2. Methods are declared by giving a full prototype (as in operation
description forms) followed by a ;
RETURN-TYPE NAME([TYPE ARG [, TYPE ARG]...]);
Methods always have parentheses after name - even if empty.
3. Our book suggests declaring methods in the order
constructor(s)
mutators
accessors
destructor
a. Constructor method(s) are distinguished by name of method being
same as name of class.
- When an instance of a class is created, a constructor is
automatically called.
- Before main program for global variables
- Upon entry into function or block for local variables
- Within expression for temporaries
- When creating an object dynamically using new
- "Miranda rule" for constructors
b. Mutators/accessors should be named appropriately
- Note that accessor prototypes (cardNumber(), PIN()) are
followed by const.
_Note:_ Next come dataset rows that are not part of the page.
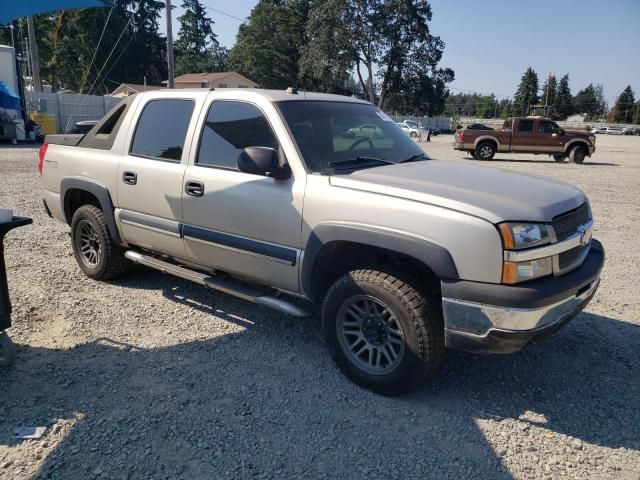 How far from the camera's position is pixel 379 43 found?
49469mm

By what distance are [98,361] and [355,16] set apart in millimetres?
50228

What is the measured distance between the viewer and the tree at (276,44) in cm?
6588

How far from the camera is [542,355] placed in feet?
12.5

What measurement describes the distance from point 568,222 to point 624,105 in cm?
13607

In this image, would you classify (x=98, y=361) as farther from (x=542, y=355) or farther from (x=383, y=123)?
(x=542, y=355)

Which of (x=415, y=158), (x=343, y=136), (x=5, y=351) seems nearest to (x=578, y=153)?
(x=415, y=158)

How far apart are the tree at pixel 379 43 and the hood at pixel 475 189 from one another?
4874cm

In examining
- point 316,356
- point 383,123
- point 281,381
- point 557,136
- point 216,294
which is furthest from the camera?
point 557,136

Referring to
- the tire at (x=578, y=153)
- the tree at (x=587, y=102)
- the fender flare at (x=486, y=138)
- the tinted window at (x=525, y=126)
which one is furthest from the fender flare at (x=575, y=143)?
the tree at (x=587, y=102)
This indicates that these methods do
not change the object's fields (i.e. they could be applied to
an object that is declared as a constant).
- Mutators are allowed to change the object's fields.
(In this case, the first two alter the value of _PIN; the
doFailedTransactionExtension method turns out not to alter
the state of the object, but this was not clear at the
time it was first designed.)
c. Not shown here are destructors
- Name is ~CLASSNAME (e.g. ~Session())
- Automatically called when an instance of the class is destroyed
- After termination of main for global variables
- Upon exit from function or block for local variables
- Within an expression for temporaries (when no longer needed)
- When delete is used to destroy an object created using new
However: an object created using new that is never explicitly
destroyed by delete is not destructed!
- "Miranda rule" for destructors - but only in certain cases where
a destructor is needed because a component of the object has a
destructor that needs to be called. (Unlike construction,
destruction is not mandatory).
4. Fields are declared by giving a type then name (or comma-separated
names) followed by a ; - no parentheses
5. Anonymous enum type created for field _state (only variable that
will ever hold a value of this type).
6. "Forward" declaration of class Transaction:
a. Transaction is declared in transaction.h. It turns out that
Transaction objects contain a reference to the Session object
that created them, and Session objects contain a pointer to
the currently active Transaction object. So no matter which
class is declared first, there will be a problem!
b. Solved by use of an INCOMPLETE CLASS DECLARATION of the form
class CLASSNAME ;
- Declares that the class exists, but provides no information
about it.
- Must be followed by a full declaration later.
- Variables of an incomplete class type cannot be declared until
after the declaration has completed, but pointers and
references can be declared. (The issue is that the compiler
does not know how much memory to allocate for an object until
its class has been declared; but size of a pointer/reference
is independent of size of object it points to.)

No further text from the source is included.